BY CORTNEY MORSE DOUCETTE

PUNGO — Sometimes my 11-year-old daughter and I get up early to go run. Actually, she runs. I walk. 

It’s barely light when we’re out, so we drive to the middle school she will soon attend and run on the track. It’s perfect. She can speed while I meander, and I can keep an eye out.

One day this past week, about an hour later than usual, we drove to the school and chose our lanes. She took of running. I took off walking. She started her second lap as I made it halfway through my first. 

I noticed two little birds flapping near the chain-link fence at the base of the stadium seats. I wanted to see them before they flew away.

But I noticed tangled twine wrapped around one of the bird’s legs, tethering it to the fence. I approached. It flew a moment before the foot-long tether brought it crashing back into the fence. Then the bird hung upside down by its leg. The other bird was tangled, too.

It took me a couple of tries before I was able to cup it in my hands. I hollered to my daughter to bring me my keys. She sprinted to the car.

The other bird, agitated, grew more entangled in the twine, but I could not reach it on the other side of the fence.

I told my daughter to try to cut the twine with the keys. We tried not to hurt the bird I held. My daughter took care and succeeded.

I passed the bird, which still had twine wrapped around its foot, to my daughter and climbed the fence to reach the other bird. My daughter might have handled the climb more gracefully, but these were high stakes. I kicked off one of my shoes to climb over it.

I was able to scoop up the other bird and remove most of the twine, but this one had it wrapped around its neck, twisted somehow beneath its feathers. My daughter and I each held a small bird.

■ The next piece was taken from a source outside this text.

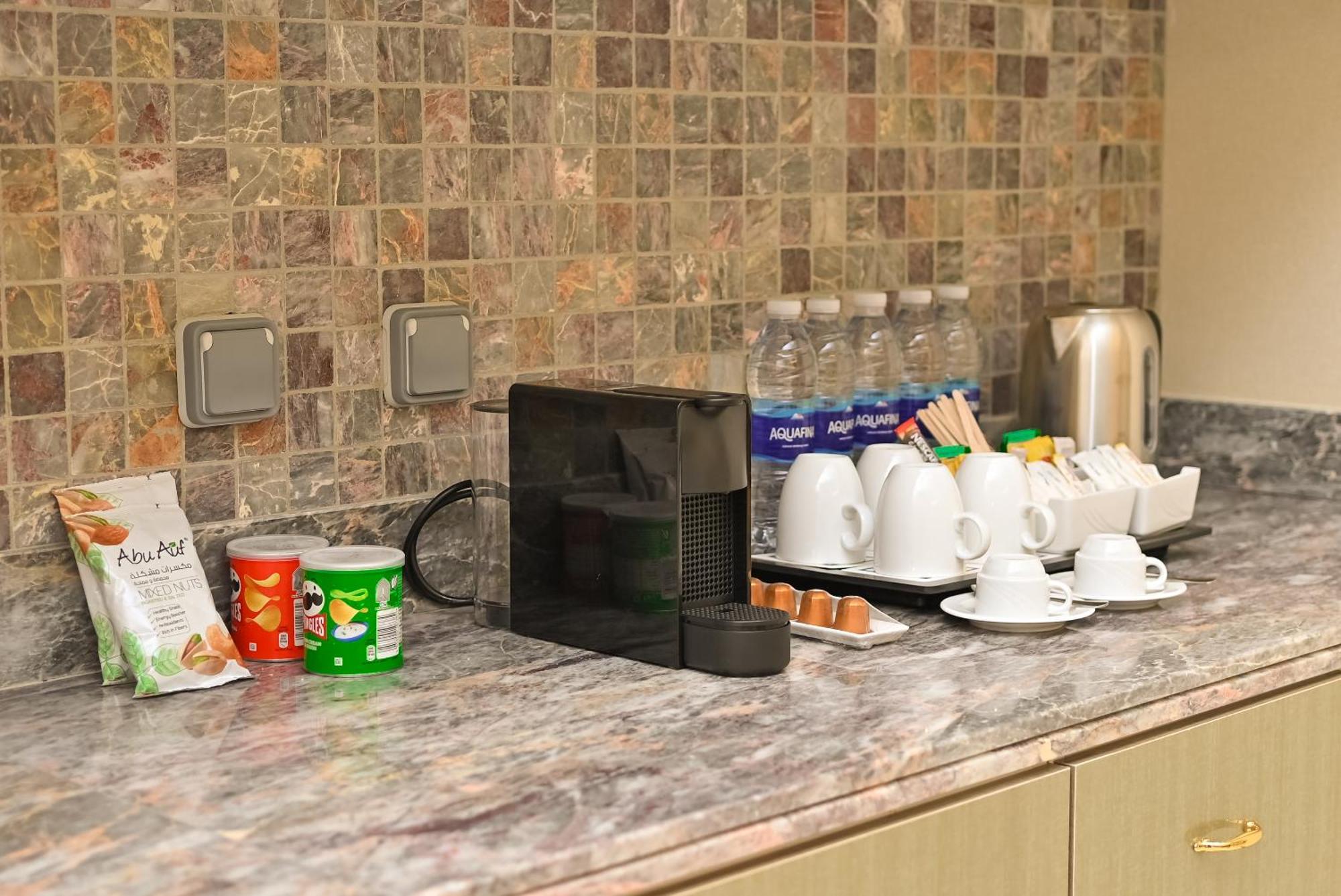 Hilton Hurghada Plaza Hotel Bagian luar foto A Nespresso coffee machine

I called Virginia Beach Animal Control and was forwarded to non-emergency dispatch. The lovely woman on the phone listened to my dilemma and suggested I call Wildlife Response, Inc., one of the local organizations with volunteers who help in such situations.

I left a message. We still each held a bird. We were unsure of how to get the twine off.

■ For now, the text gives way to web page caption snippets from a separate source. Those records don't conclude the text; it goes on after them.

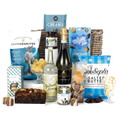 The Indulgence Hamper by Wheelers luxury hampers comes with sweet and savoury snacks.
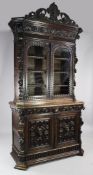 A Victorian heavily carved oak bookcase, with acanthus scroll pierced pediment over two glazed
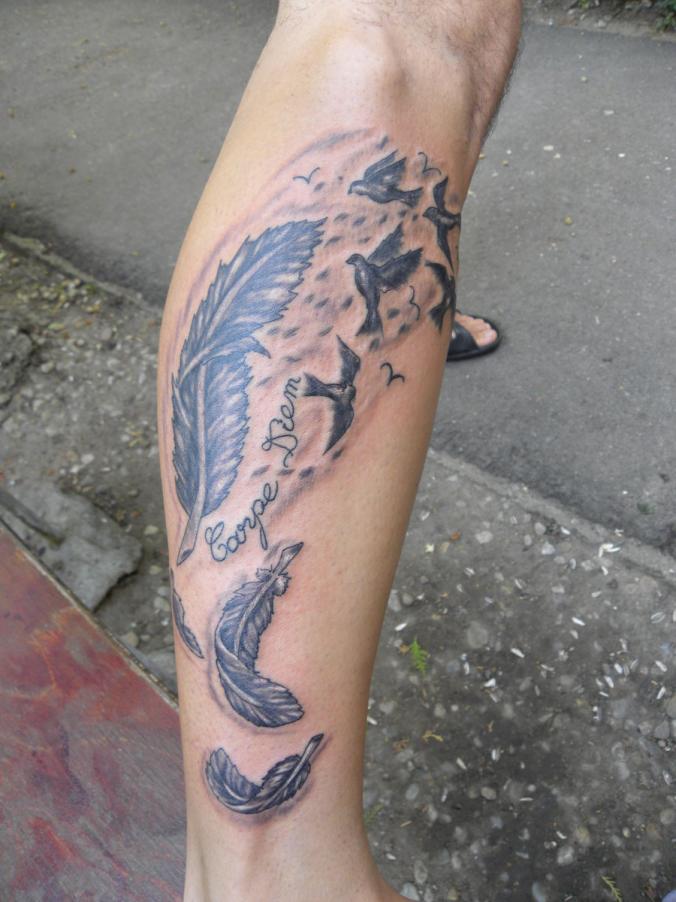 feather tattoo by Kiddotattoo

My daughter suggested we try our veterinarian’s office to help us. We headed that way, but they were not yet open. I called my husband, said we were coming home with two birds, asked him to have our eldest daughter find her tiny sewing scissors, the ones that are shaped like a crane, and have them ready.

My husband came outside when we pulled up. He cut away most of the twine and used the thin end of a metal file to pull the twine out from under the feathers at the neck of one of them. He cut that twine, too.

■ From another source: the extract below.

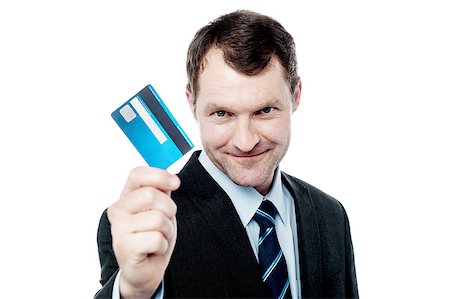 simsearch:400-06858518,k - Handsome businessman showing his credit card Stock Photo - Budget Royalty-Free & Subscription, Code: 400-08130881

But the last bit of twine was too tight against the other bird’s tiny foot, wrapped in and out of the toes, to cut away without snipping off a piece of the animal.

Our eldest daughter brought out a shoebox lined with a towel and with air holes poked in the top. I reminded my youngest that their wings were still in good working order. We had to get these little guys in the box on the first try.

One. Two. Three.

We slid them both in, slammed down the top, hoped for the best. 

Someone from Wildlife Response called and suggested we take to birds to a 24-hour vet that accepts rescues. She even called ahead to make sure they would accept them.

My daughter and I took the box in the car and drove to the vet. On the way, we chatted about how quiet the birds were in the box.

“I hope we don’t open the box and find them dead,” she said. 

I reminded her that we couldn’t peek. They might fly around in our car.

The receptionist at the vet was expecting us. She asked me to fill out a short form detailing the particulars. She said thanks. We left.

“I hope they make it,” my daughter said. 

Me, too. I told her it was good for the birds she had wanted to run that morning.

That afternoon, amid my work day, I stopped to read a new text message:

“Hello. I am the rehabber that has the two finches you brought to Bay Beach. I just finished taking off the last of the string from the one baby’s foot. Thank goodness you saw them and brought them in.” She even thanked us for the directions to where we found the birds so they could return home. 

Karen Roberts, the rehabber, later told me the birds were fledgling finches. She released them where we found them, and they flew to a nearby flock. Roberts said it is it good for people to know there is someone to call when they find an animal in crisis. 

It’s wonderful to live in a community with 24-hour veterinarians — and where wildlife rehabbers help us navigate how animals and people, for better or worse, are intertwined.